Geçen yıl Bratislava’da gerçekleştirilen kongrede O.R.F. Genetics firmasına verilen “En İyi Biyoteknoloji Ürünü” ödülü bu sene de sahibini buldu. İspanya merkezli biyoteknoloji firması BIOPOLIS, çölyak hastaları için geliştirdiği ürün ile ödüle layık görüldü. Ayrıca kongre boyunca sunulan 300’e yakın poster sunumu ve 80’e yakın sözlü sunum arasından seçilenlere 1.lik 2.lik ve 3.lük ödülleri verildi.

Türkiye Biyoteknoloji Alanında Nerede?

Türkiye şu an G20 ülkeleri arasında yer almasına rağmen biyoteknoloji alanında ilk 20 ülke arasında yer almamaktadır. Bugünkü koşullarda biyoteknoloji sektörünün lokomotifi konumunda bulunan ilaç endüstrisine ülkemizin ayırdığı meblağ 500 – 600 milyon dolar civarındadır. Biyoteknolojiye ayırdığı miktar ise 3,5 milyar dolar düzeyindedir. Avrupa için bu miktar 100 milyar dolar, dünya lideri Amerika için ise 600 milyar dolar civarındadır. Gelişmekte olan ülkeler arasında bulunan ve ülkemiz ile kıyaslanabilir bir ülke olan Brezilya Biyoteknoloji sektörüne yıllık 18 milyar dolar para harcamaktadır.
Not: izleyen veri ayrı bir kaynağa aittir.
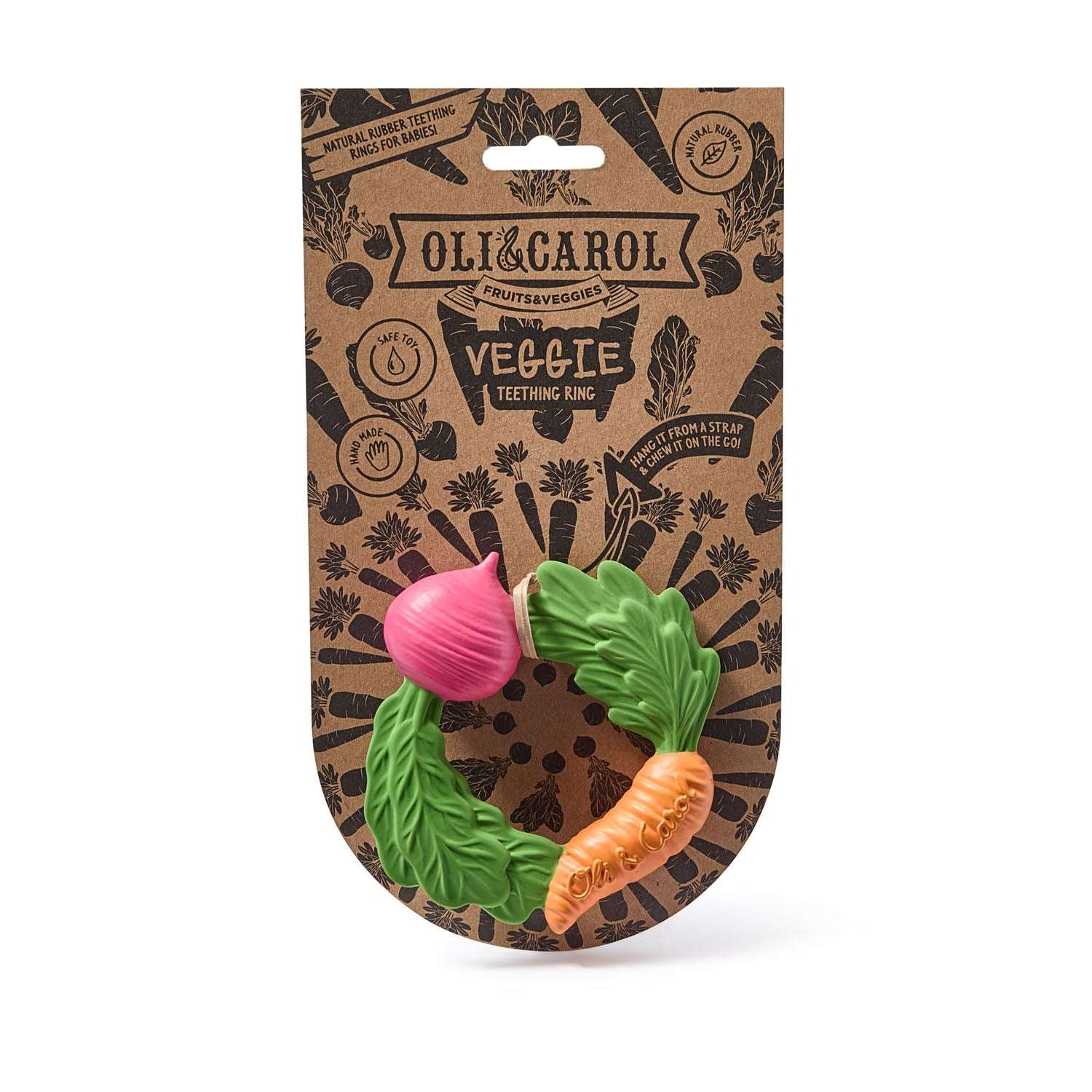 Oli & Carol Veggie Teething Ring - Baby&More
Türkiye coğrafik olarak avantajlı bir konuma sahiptir. İlk olarak Avrupa, Asya ve Afrika’nın kavşak bölgesidir. İkincisi çevresindeki ülkeler gelişmemiş ülkelerden oluşmaktadır. Bu münasebetle geliştirilecek ürünlerin yukarıda bahsedilen bölgeler dağıtımı milli gelire kısa vadede büyük katkı sağlayacaktır. Türkiye’nin coğrafik konumunun bir diğer avantajı da 4 mevsimin yaşanması ve buna bağlı ortaya çıkan bitki çeşitliliğidir. Doğru stratejilerle ülkemizin coğrafik özellikleri tarım ve hayvancılık biyoteknolojisi ile birleştirildiğinde gelişim kaçınılmaz olacaktır.

Bizim yapmamız gereken biyoteknoloji Türkiye için gelecek 10 yıllarda en önemli alternatif sektörlerden biri olmalıdır. Bu süreçte yapılması gereken basamakları 3 ana grupta toplayabiliriz. Eğitim, araştırma ve ürüne dönüştürme. Eğitim için rekabetçi, yeniliğe yatkın, altyapılı üniversitelerin kurulması ve mevcut üniversitelerin araştırma kabiliyetlerinin artırılması ve bu üniversitelerde biyoteknolojinin çeşitli alanlarına yönelik bölümler açılması gereklidir. Bu alanda araştırma merkezleri kurulmalı ve özel teşebbüsü destekleyici yaklaşımlar ortaya koyarak ürünler ortaya çıkarılmalıdır. Son olarak da bu araştırmalardan ortaya çıkan ürünleri sanayi işbirliği ile üretime geçirmeli ve ülkemiz için fayda sağlayabilecek seviyeye getirmeliyiz. Biyoteknoloji alanındaki bu gelişim ister istemez ülkenin dinamik nüfusunun ve yetişmiş elemanlarının istihdamında da önemli rol oynayacaktır.